«Dovrei essere proprio uscito di senno per non essermi reso conto in tutti questi anni di aver collaborato con un giornale con una linea editoriale di favoreggiamento ad esponenti delle cosche mafiose». Dopo un comunicato dei giornalisti, arriva sempre dalle pagine de La Sicilia l’ultima in ordine di tempo difesa al direttore-editore del quotidiano etneo Mario Ciancio Sanfilippo, indagato a Catania per concorso esterno in associazione mafiosa. Questa volta si tratta di un editoriale pubblicato ieri, 28 novembre, a firma di Pietro Barcellona, docente universitario ed ex deputato Pci, storico collaboratore della testata. Un intervento che non è passato inosservato e che, come già successo in passato, ha sollevato qualche polemica.

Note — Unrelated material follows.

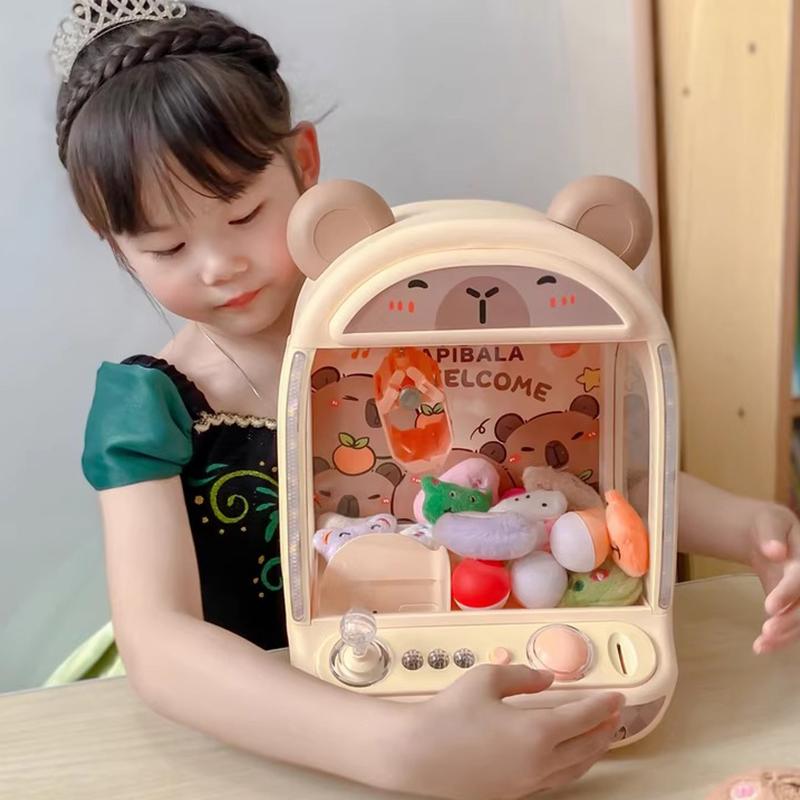 DIY Doll Machine Kids Coin Operated Play Game Mini Claw Catch Toy Crane Machines Music Doll Children Xmas Gifts Toys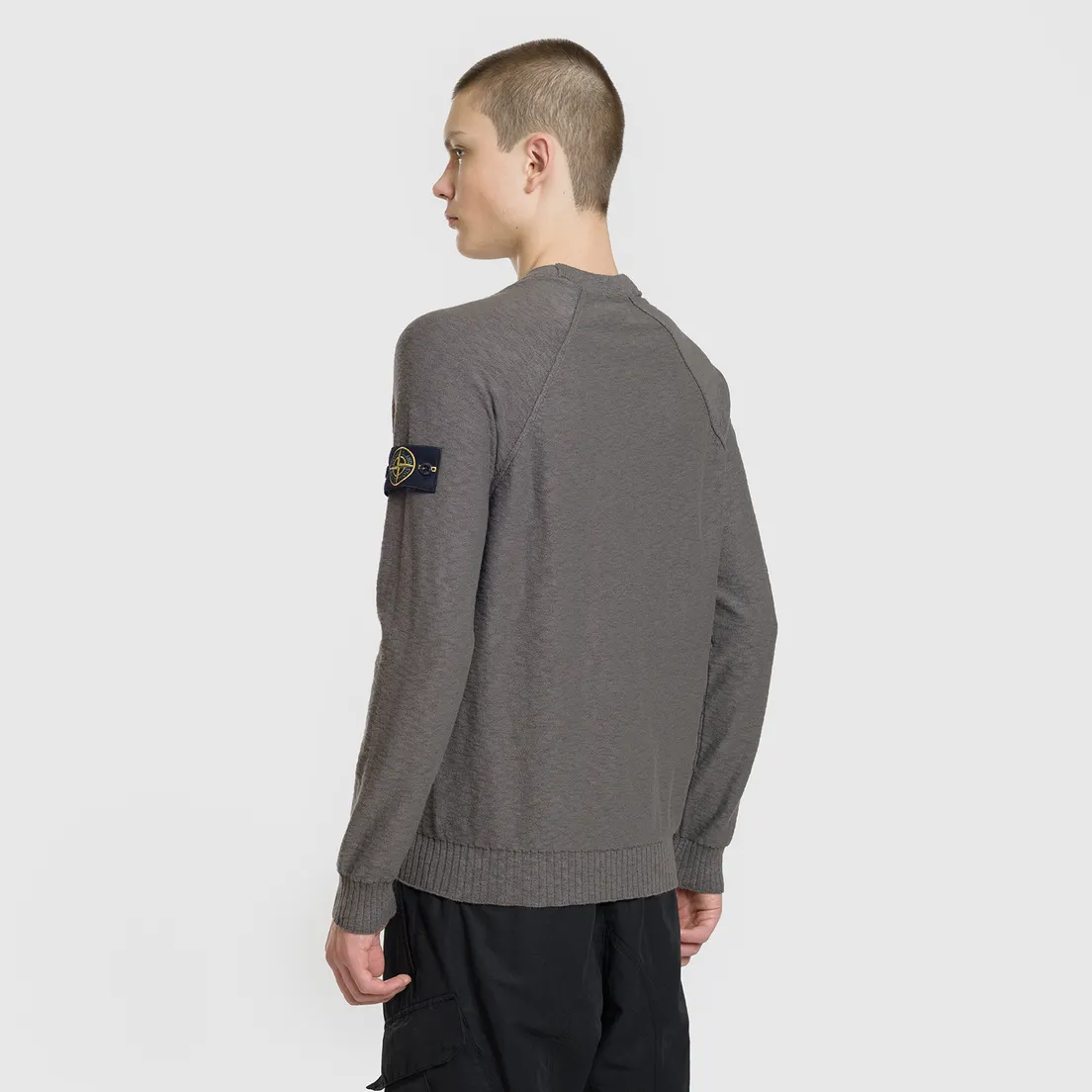 Stone Island Мужской свитер Ribbed Collar Horizontal Garment Dye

L’editoriale, dal titolo Lotta alla mafia e libertà d’informazione oggi in Sicilia, si scaglia contro il «pressapochismo giudiziario». Nello specifico l’abbaglio, secondo Barcellona, preso dal giudice etneo Luigi Barone che non ha accolto la richiesta di archiviazione avanzata dalla procura per l’accusa a carico di Ciancio, disponendo ulteriori indagini. Nel ricco faldone in mano alla procura trovano già posto accertamenti sulle attività imprenditoriali dell’editore catanese e sui suoi presunti contatti con esponenti di Cosa Nostra. Che avrebbero anche portato a fare delle scelte sul giornale: come non pubblicare i necrologi delle vittime di mafia Giueppe Fava e Giuseppe Montana, ma inserire in una edizione dell’ottobre 2008 la lettera di Vincenzo Santapaola figlio del boss Nitto senza alcuna presentazione del personaggio, seppure si trovasse detenuto al 41bis e impossibilitato a comunicare con l’esterno. Tutti elementi che, secondo Barcellona, punterebbero dritto alla linea editoriale del giornale, insunuando presunte pressioni già rifiutate dai redattori de La Sicilia nella loro recente nota. «Debbo pensare scrive Barcellona – che nella generale confusione dei linguaggi il gup non abbia chiaro cosa vuol dire che la linea editoriale di un giornale è orientata a sostenere Cosa Nostra».
Il docente di Filosofia del diritto alla facoltà di Giurisprudenza di Catania ricorda pubblicazioni come l’intervista in cui Pio La Torre – anche lui vittima di mafia, nel 1982 – denunciava collusioni imprenditoriali e malaffare sull’isola. E ancora i suoi stessi interventi «in ogni circostanza che richiedesse una pubblica testimonianza di coraggio civile e di solidarietà verso le vittime degli assassini mafiosi». Tutte prove della bontà e della pluralità voluta dall’editore-direttore, sottolinea Barcellona, a cui oggi viene rivolta un’accusa di «mafiosità» come «generico strumento per discreditare tutte le posizioni che emergono in un dibattito civile come quello che è ospitato da La Sicilia». Un discredito di cui il docente aveva già parlato all’indomani dell’inchiesta tv della trasmissione Report su Catania. In cui era coinvolto proprio Mario Ciancio Sanfilippo. Ma questa volta il giudice di Roma ha dato ragione alla controparte, i giornalisti Sigfrido Ranucci e Antonio Condorelli, contro i quali l’editore etneo aveva avanzato una richiesta di risarcimento. Adesso, a pagare le spese processuali per 30mila euro, dovrà invece essere lui.
Come in quell’occasione, anche stavolta non tutti sono d’accordo con Barcellona e la sua difesa. «Quando si dà del pressappochismo a qualcuno, sarebbe opportuno studiare, leggere, sapere di cosa si sta parlando. Altrimenti si corre il rischio che il pressapochismo lanciato si trasformi, ritorcendosi contro, in ignoranza». A rispondere al docente è Goffredo D’Antona, penalista e membro dell’Osservatorio dei Diritti di Catania. «Attestare stima per il proprio datore di lavoro è un conto scrive il legale – ma scrivere cose non vere su un provvedimento che forse non è stato neanche letto, non solo non è comprensibile, ma è grave». D’Antona rimprovera a Barcellona la confusione giudiziaria fatta nel suo editoriale. Tra elementi tecnici come l’impossibilità di rifiutare due volte una richiesta di archiviazione presentata una volta sola e teorie che non trovano riscontro nella realtà dei documenti. Nello specifico, la presunta indagine chiesta dal gip Barone proprio sulla linea editoriale de La Sicilia, non specificata da nessuna parte. «Quando si mistifica la realtà, o quando si scrive senza sapere, non si tratta solo di difendere il proprio datore di lavoro, è qualcosa di peggio conclude D’Antona – Il pressappochismo è una brutta cosa, ma lignoranza, la mistificazione dei dati processuali è ancor più brutta».